La venida de las embarcaciones militares estadounidenses ocurre a pocos días de que expire, el próximo 7 de febrero, el mandato del Consejo Presidencial de Transición (CPT), víscera que fue establecido como parte de los acuerdos para encaminar al país con destino a la normalización institucional tras el crimen del presidente Jovenel Moïse y el posterior colapso del orden político.
La cercanía de esta data ha intensificado las tensiones internas y las disputas sobre el futuro del liderazgo político haitiano.
Apoyo de EE. UU.
En este contexto, la Embajada de Estados Unidos en Haití expresó su apoyo “al liderazgo del primer ministro Alix Didier Fils-Aimé en la construcción de un Haití cachas, próspero y vacío”.
Esta afirmación fue interpretada como una señal clara de respaldo al presente dirigente de gobierno frente a los intentos de modificar la estructura del poder ejecutante en plena transición.
El pasado 25 de enero, el Unidad de Estado de Estados Unidos anunció la revocación de visados a dos miembros del Consejo Presidencial de Transición, así como a sus familiares, por su presunta implicación con “pandillas y otras organizaciones criminales” que operan en el país.
Acciones
La medida fue presentada como parte de los esfuerzos de Washington para combatir la corrupción y la connivencia entre actores políticos y grupos armados.

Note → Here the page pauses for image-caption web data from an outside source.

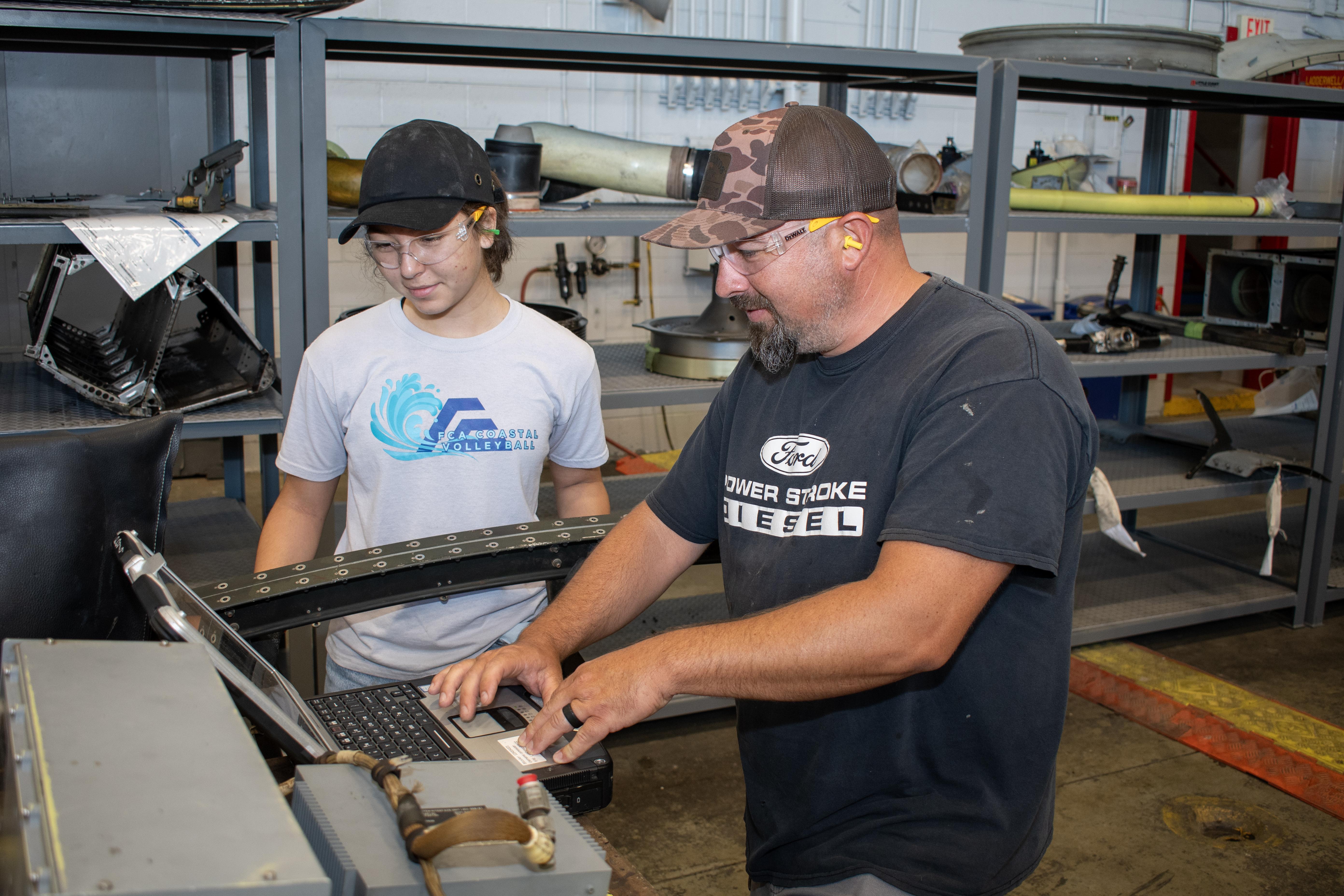 Male aircraft work leader demonstrates use of computer-based maintenance manual for high-school aged, female summer intern. 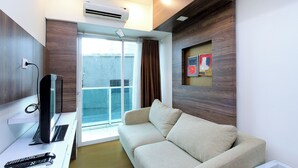 A modern living room with a sofa, a flat-screen TV, and a remote control on a white table. - La Grande by Djitu Hospitality (Bandung)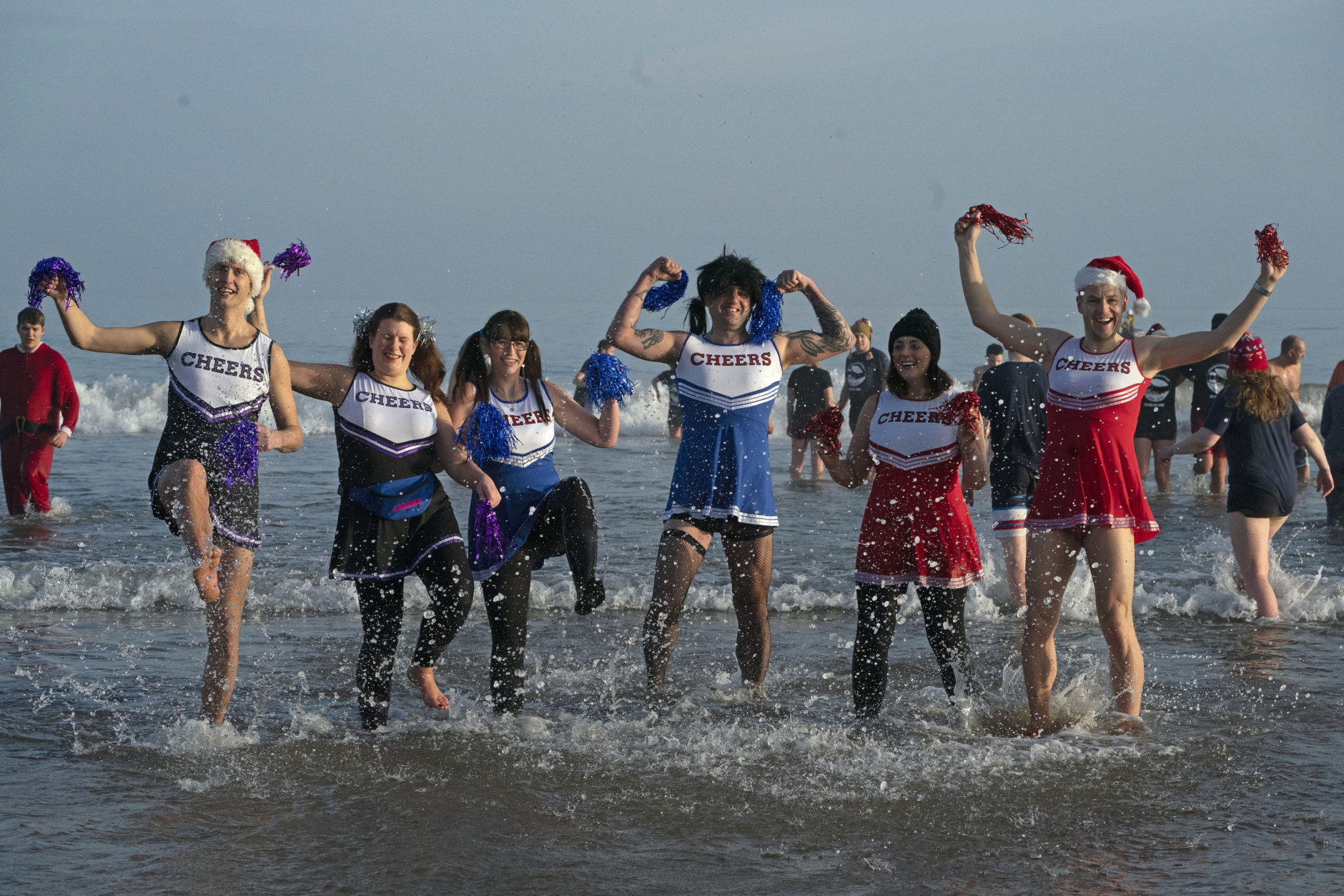Revellers in cheerleader costumes take part in the traditional Boxing Day swim at Tynemouth beach in north east England, Wednesday Dec. 26, 2018. (Owen Humphreys/PA via AP)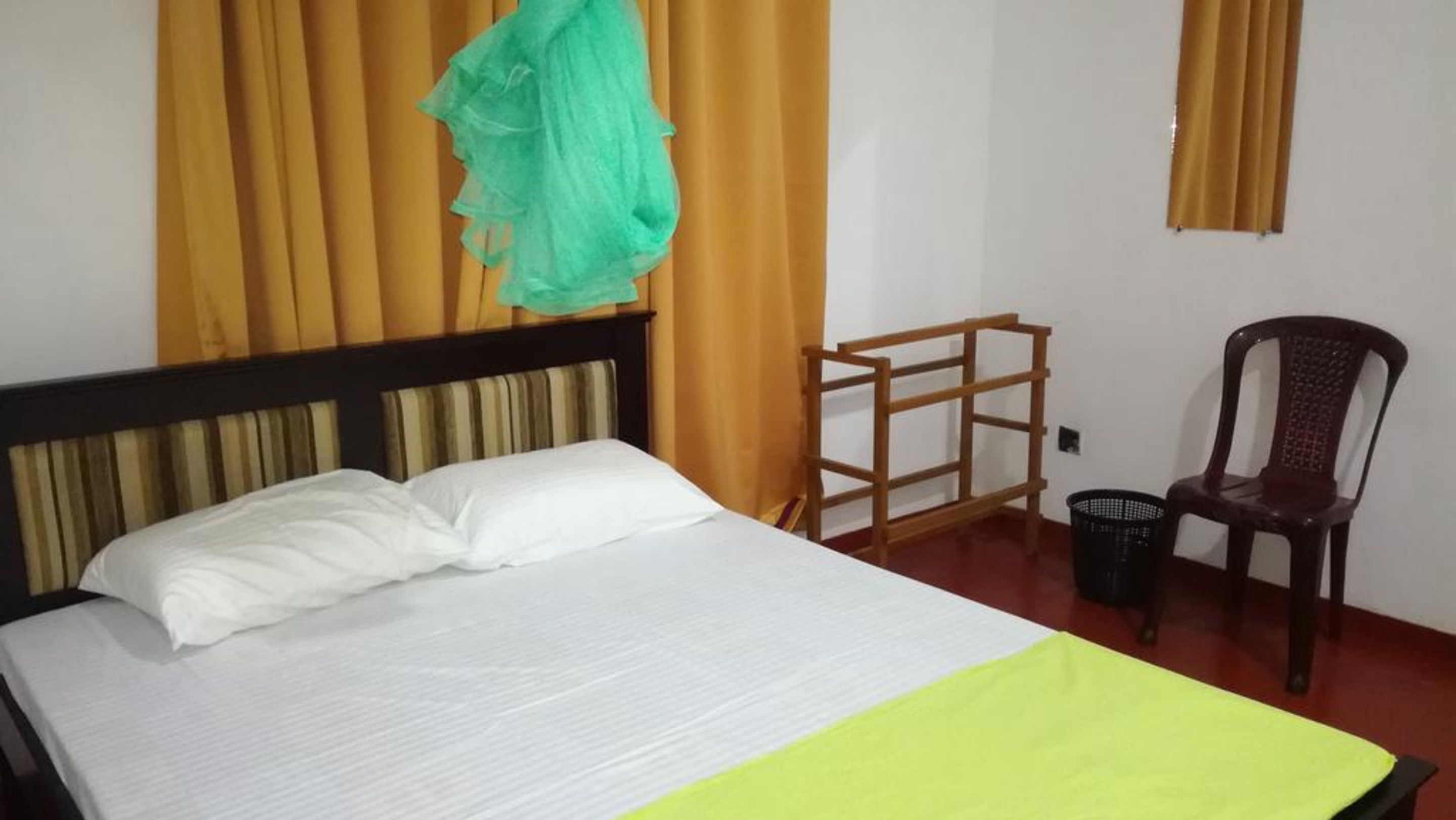Blackout curtains, iron/ironing board, bed sheets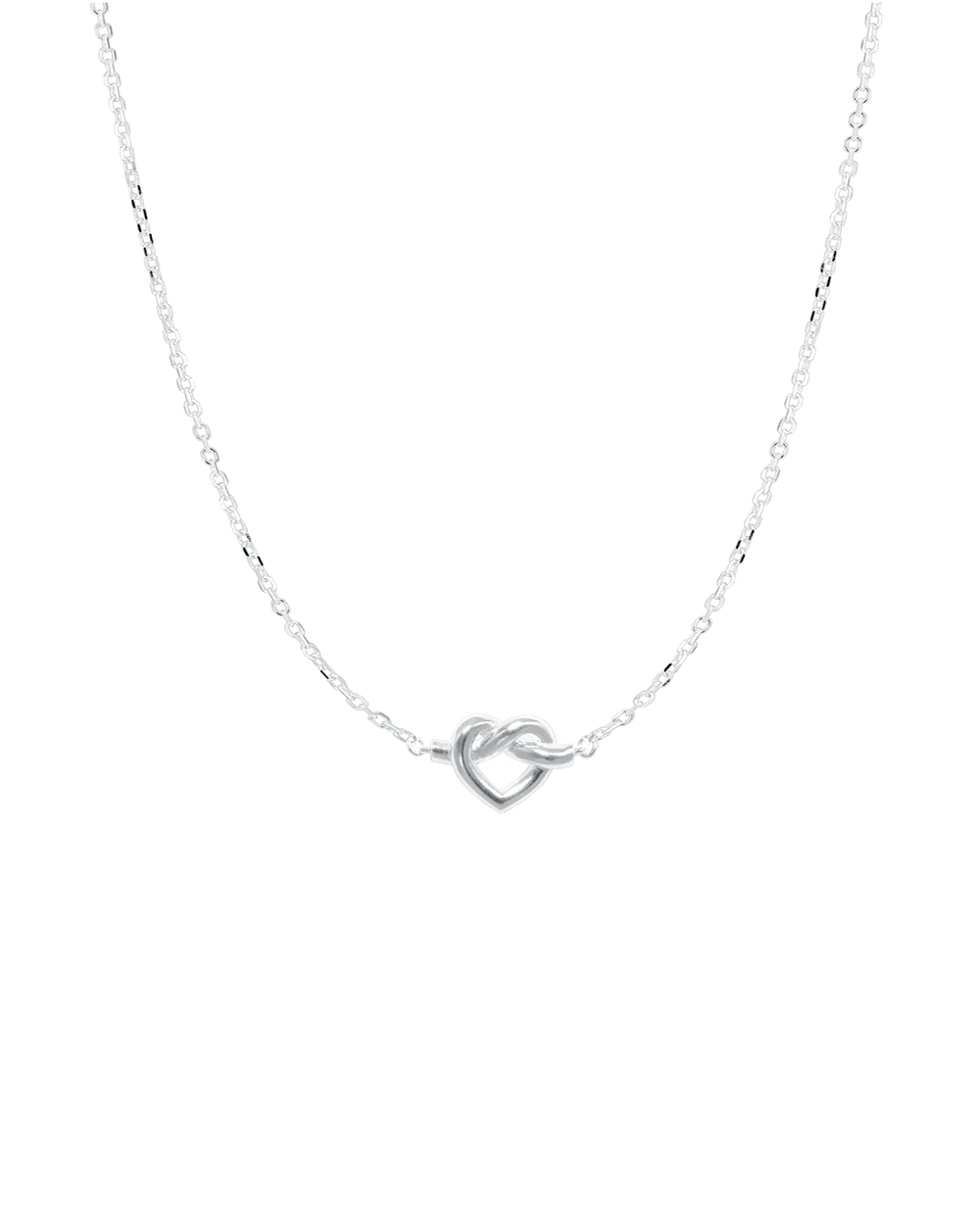 The Tied Heart Necklace by Jane Koenig is a delicate sterling silver piece with a small heart-shaped pendant on an adjustable fine chain, showcasing minimalist elegance against a plain white background.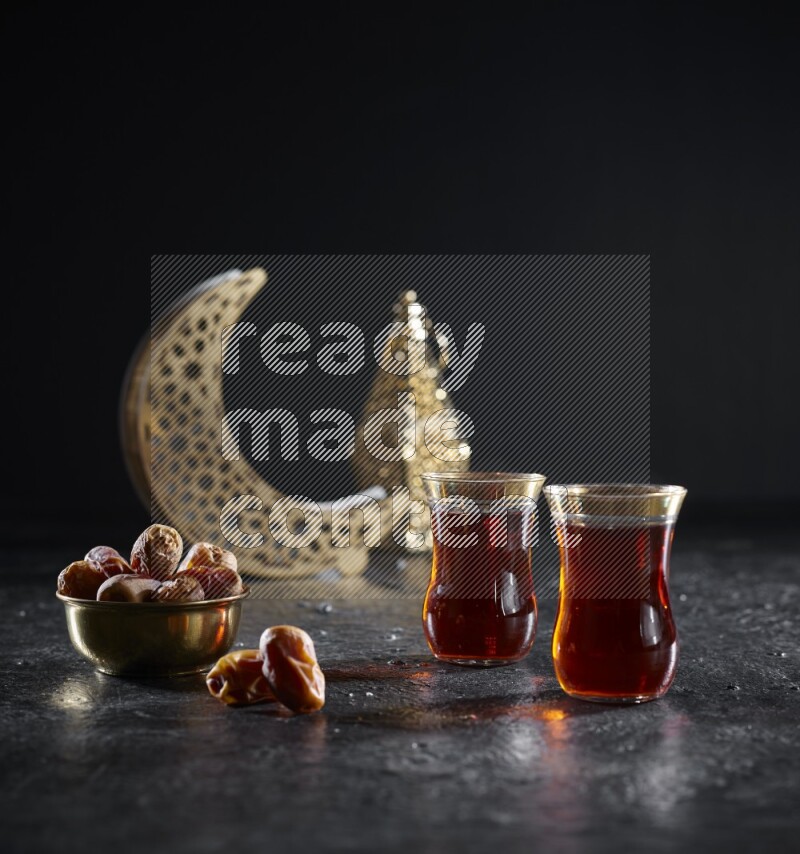 Dates with hot drinks and golden lanterns in a dark setup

Días antaño de esta intrepidez, el CPT había informado del inicio de un proceso para sustituir al primer ministro Fils-Aimé por un primer ministro provisional, con un plazo mayor de 30 días.
Esta iniciativa generó preocupación en Washington, que se había manifestado contrario a cualquier cambio en la composición del Gobierno en un momento considerado crítico para la estabilidad del país.
El 23 de enero, el subsecretario del Unidad de Estado de Estados Unidos, Christopher Landau, advirtió que modificar el presente gobierno haitiano podría ser interpretado como un acto que socava los esfuerzos para restablecer la seguridad y la estabilidad básicas en el país, en distinto en medio de la lucha contra las bandas armadas.
Panorama haitiano
—1— Crisis
Haití atraviesa desde hace varios abriles una profunda crisis política, social y de seguridad.
—2— Violencia
Según datos de la oficina de las Naciones Unidas en el país caribeño, al menos 5,915 personas murieron y otras 2,708 resultaron heridas en 2025 como consecuencia de la violencia ejercida por las bandas criminales.